Going by data from Nansen, over 100k individual wallets own these meme assets. Over 1.4 million wallets are holding an older meme asset like Shiba Inu. Protocols struggle for years to see those kinds of numbers. For a sense of scale, Aave and Compound each have only about 300,000 unique wallets holding their tokens. Part of the reason for that lower figure is that exchanges are likely where many of these users hold their tokens.
So initially, you see an uptick in the number of wallets holding these assets, as decentralised exchanges are the only places you can acquire them. Notice the chart flatlining around the 5th of May in the chart below? That is when Binance listed the token. So it is possible that traders purchased these tokens on centralised exchanges instead of going through a decentralised alternative.
Meme assets are an interesting phenomenon because they simultaneously show us the power of enabling anyone to make their own digital assets. And the perils that come with it. On the one hand, permitting the creation of censorship-resistant, customisable digital instruments is core to the ethos of crypto. On the other, these can be weapons of mass value destruction.
One way to regulate them would be to mandate exchanges to not list them. But it would simply mean volume accrues to an alternative like Uniswap. Even at a margin of 0.1% in fees, exchanges have made $1 million daily on the coin, granted its volume has been in the billions.

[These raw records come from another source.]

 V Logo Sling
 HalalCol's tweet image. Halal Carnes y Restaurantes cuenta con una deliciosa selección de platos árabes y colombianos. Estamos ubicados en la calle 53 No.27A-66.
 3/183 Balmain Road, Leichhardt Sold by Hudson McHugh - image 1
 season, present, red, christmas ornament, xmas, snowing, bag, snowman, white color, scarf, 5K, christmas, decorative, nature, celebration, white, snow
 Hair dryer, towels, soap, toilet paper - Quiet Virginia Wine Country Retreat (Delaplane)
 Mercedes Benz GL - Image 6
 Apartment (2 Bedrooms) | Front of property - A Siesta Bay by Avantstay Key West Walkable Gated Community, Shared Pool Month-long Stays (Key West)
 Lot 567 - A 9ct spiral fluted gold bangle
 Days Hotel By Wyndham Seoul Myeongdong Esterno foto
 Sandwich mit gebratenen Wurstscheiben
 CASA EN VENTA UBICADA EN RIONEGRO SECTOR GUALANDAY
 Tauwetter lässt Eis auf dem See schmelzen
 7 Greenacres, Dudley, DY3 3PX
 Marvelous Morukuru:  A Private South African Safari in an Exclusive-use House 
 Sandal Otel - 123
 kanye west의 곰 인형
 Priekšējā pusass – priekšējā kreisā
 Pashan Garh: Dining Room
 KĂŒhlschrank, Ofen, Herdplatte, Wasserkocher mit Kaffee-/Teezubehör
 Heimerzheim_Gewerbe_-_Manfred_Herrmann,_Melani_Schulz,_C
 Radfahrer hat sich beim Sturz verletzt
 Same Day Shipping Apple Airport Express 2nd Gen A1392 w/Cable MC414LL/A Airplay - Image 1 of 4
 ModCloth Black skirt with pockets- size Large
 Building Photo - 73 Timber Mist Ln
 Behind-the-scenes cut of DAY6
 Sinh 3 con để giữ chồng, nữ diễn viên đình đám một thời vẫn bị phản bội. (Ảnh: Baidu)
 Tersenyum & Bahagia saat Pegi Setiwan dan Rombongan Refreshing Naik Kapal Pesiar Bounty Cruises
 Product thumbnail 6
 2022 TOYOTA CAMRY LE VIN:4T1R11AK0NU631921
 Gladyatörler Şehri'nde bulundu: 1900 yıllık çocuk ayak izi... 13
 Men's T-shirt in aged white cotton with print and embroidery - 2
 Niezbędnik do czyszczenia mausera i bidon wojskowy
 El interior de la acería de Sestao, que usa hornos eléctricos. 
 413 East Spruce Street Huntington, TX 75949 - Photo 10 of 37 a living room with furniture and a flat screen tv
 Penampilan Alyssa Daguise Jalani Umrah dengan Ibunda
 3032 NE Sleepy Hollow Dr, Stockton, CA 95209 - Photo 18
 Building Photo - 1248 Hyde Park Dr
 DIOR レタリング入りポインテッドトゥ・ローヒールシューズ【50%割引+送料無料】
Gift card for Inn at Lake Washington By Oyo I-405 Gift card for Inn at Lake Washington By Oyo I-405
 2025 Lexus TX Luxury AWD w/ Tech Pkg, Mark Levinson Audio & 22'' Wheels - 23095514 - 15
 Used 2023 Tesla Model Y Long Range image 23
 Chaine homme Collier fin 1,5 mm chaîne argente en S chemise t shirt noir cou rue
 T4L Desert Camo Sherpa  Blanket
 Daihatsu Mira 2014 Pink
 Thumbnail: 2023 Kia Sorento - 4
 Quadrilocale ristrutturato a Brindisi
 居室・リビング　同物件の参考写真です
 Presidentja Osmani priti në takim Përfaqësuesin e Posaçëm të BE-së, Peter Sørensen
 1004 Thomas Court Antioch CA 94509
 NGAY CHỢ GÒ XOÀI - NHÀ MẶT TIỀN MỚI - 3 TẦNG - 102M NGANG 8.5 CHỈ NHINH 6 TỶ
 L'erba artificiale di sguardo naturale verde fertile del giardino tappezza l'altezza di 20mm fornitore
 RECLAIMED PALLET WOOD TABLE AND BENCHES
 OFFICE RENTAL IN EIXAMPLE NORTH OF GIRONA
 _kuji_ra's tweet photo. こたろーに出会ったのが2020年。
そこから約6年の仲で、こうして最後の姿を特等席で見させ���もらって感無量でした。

But why would individuals even buy these assets in the first place? Part of the reasoning is that they fill the void left by lottery tickets. Tossing a figure as low as $100 on PEPE would have resulted in a $6000 outcome at its peak. That is close to the annual income in emerging markets. As a result, speculators routinely deploy small sums in multiple meme assets in hopes of making a quick flip. The challenge is that many of these assets trade with no fundamentals and entirely on momentum and "vibes". So there will be enough people bidding to buy these assets and be early entrants if they believe others will be willing to buy it. To a certain extent, it is a classic example of greater fool theory.
Read the early entrant's bit? That sounds like a Ponzi scheme to me. In a constantly inflationary environment, most things look (and feel) like a ponzi. But consider how these instruments work for now. When a meme asset is released in the wild, a decentralised exchange is the first place it is traded at. Developers set up what is called a "liquidity pool". It is a mix of dollars (or ETH) and the token itself.
Assuming there is $50 (in dollars) and 50 tokens, the price of a token is $1.
Someone comes in, sends $10 into the pool, and acquires $10 tokens. There is now $60 in the pool and 40 tokens.
Given more dollars are chasing fewer tokens, the on-chain price for it would now be $1.5.
I wrote a more prolonged breakdown of how this works in 2020 here. Meme assets often trade like Ponzi schemes because they operate on similar principles. Initially, a few early insiders purchase the token at very low prices. They contribute small amounts of dollars to the liquidity pool and receive many` native tokens in return. Essentially, they acquire a significant quantity of tokens for just a few dollars.
As people start discussing the asset, the supply of meme tokens in the pool diminishes, creating a perception that it is now worth "more." As users witness their unrealised gains, the buzz intensifies, attracting more individuals to buy the meme token. Consequently, millions of dollars start chasing something that emerged out of thin air. Once they attain a certain level of liquidity, Meme assets like PEPE may persist for years without any fundamental reason for their existence.
Lindy Effect of Uselessness
I used to think these assets trend to zero and die a sad death. But memes have their version of the Lindy effect. The longer an asset has traded in the market, the higher its probability of sticking around so long as it does not claim to serve a purpose. Doge fits that description quite well.
If it does serve a purpose and fails to serve it, an exchange like Binance would quickly point out that the “utility” the asset promised does not exist and gradually delist you if the volume requirements of staying listed are not met. You can see this playing out with Mirror Protocol and Anchor Protocol here.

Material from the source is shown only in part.